Venezuela fue el primer país del mundo en abolir la pena de muerte en 1863, la Constitución vigente declara inviolable la vida y ninguna persona podrá establecerla, ni autoridad alguna aplicarla (art. 43), pero todo esto parece retórica vacía ante acciones que resultan impunes, sepultadas en expedientes archivados.

Tenemos una larga tradición doctrinaria estampada en los libros de derecho, en sentencias de los tribunales y en informes de la Fiscalía, en los cuales se señala que los agentes del orden público no pueden accionar sus armas, sino en circunstancias extremas, ante una real, actual o inminente agresión contra la propia vida o la de otro, en la medida de la estricta necesidad o imprescindibilidad de la reacción y en los límites de la más evidente proporcionalidad.

Los funcionarios policiales no están en las mismas condiciones que sus perseguidos y no tienen una patente de corso para matar. Deben actuar en el marco estricto de la ley, deben estar preparados para contener la violencia y no constituye razón alguna para apelar al empleo de las armas el alegato de la resistencia a la autoridad o el manido argumento del enfrentamiento que siempre termina en la muerte de los solicitados o perseguidos.

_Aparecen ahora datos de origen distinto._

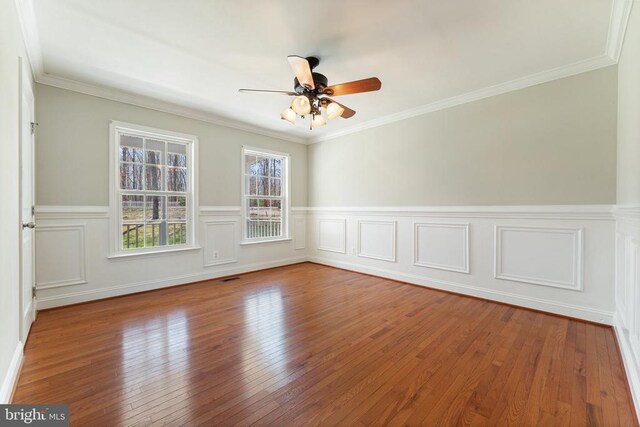 unfurnished room featuring a ceiling fan, a wainscoted wall, hardwood / wood-style flooring, and ornamental molding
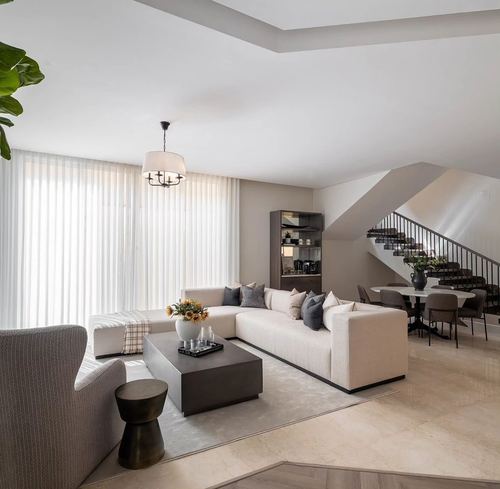 Neutral toned living room with sectional sofa, dark coffee table and staircase in background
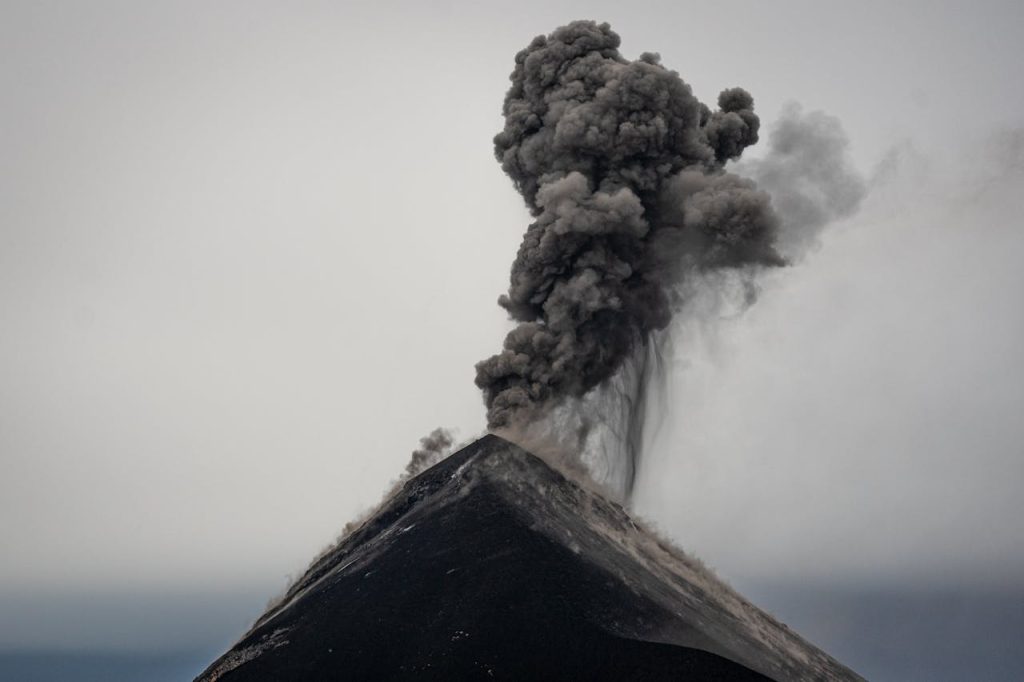 Ash and smoke erupt from Acatenango volcano in Guatemala, capturing natures raw power.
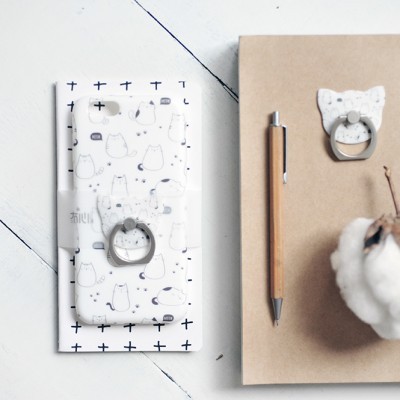 Capa de telemóvel branca com padrão de gatos e anel metálico, caneta de madeira e caderno castanho com suporte para anel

Tan grave como esto que ocurre a diario con los operativos policiales o acciones de “liberación del pueblo” es la anuencia o el silencio cómplice de una mayoría ciudadana que, en el fondo, se complace con la política de “plomo al hampa”, la cual, lejos de aliviar el problema delictivo, incrementa la violencia y la convierte en una espiral de venganzas o ajustes de cuentas que incluso termina en el más descarnado ensañamiento con los familiares o simples conocidos de los perseguidos.

La “resistencia a la autoridad”, el “enfrentamiento” puro y simple, la fuga y aún la actuación violenta, no justifican el empleo de las armas de fuego ni la eliminación o muerte de los solicitados o sospechosos en acción que solo puede ser calificada como descarnada venganza o política de exterminio.

La vida es sagrada, sin acepción de personas y solo el Estado, a través de sus tribunales, después de un juicio justo, puede imponer una sanción, que nunca será de muerte, y que debe ser rehabilitadora, pedagógica y de rescate para la sociedad de ciudadanos que fueron empujados al camino del delito en un contexto social en el que los valores del ser humano no han sido capaces de superar el resentimiento y el odio, producto de una sociedad seriamente afectada en sus bases morales.

La violencia extrema, la guerra a muerte al hampa, las ejecuciones de hecho o los linchamientos, constituyen la más contundente declaración del fracaso de la política criminal de un Estado y el más amenazante peligro para la vida de cualquier ciudadano.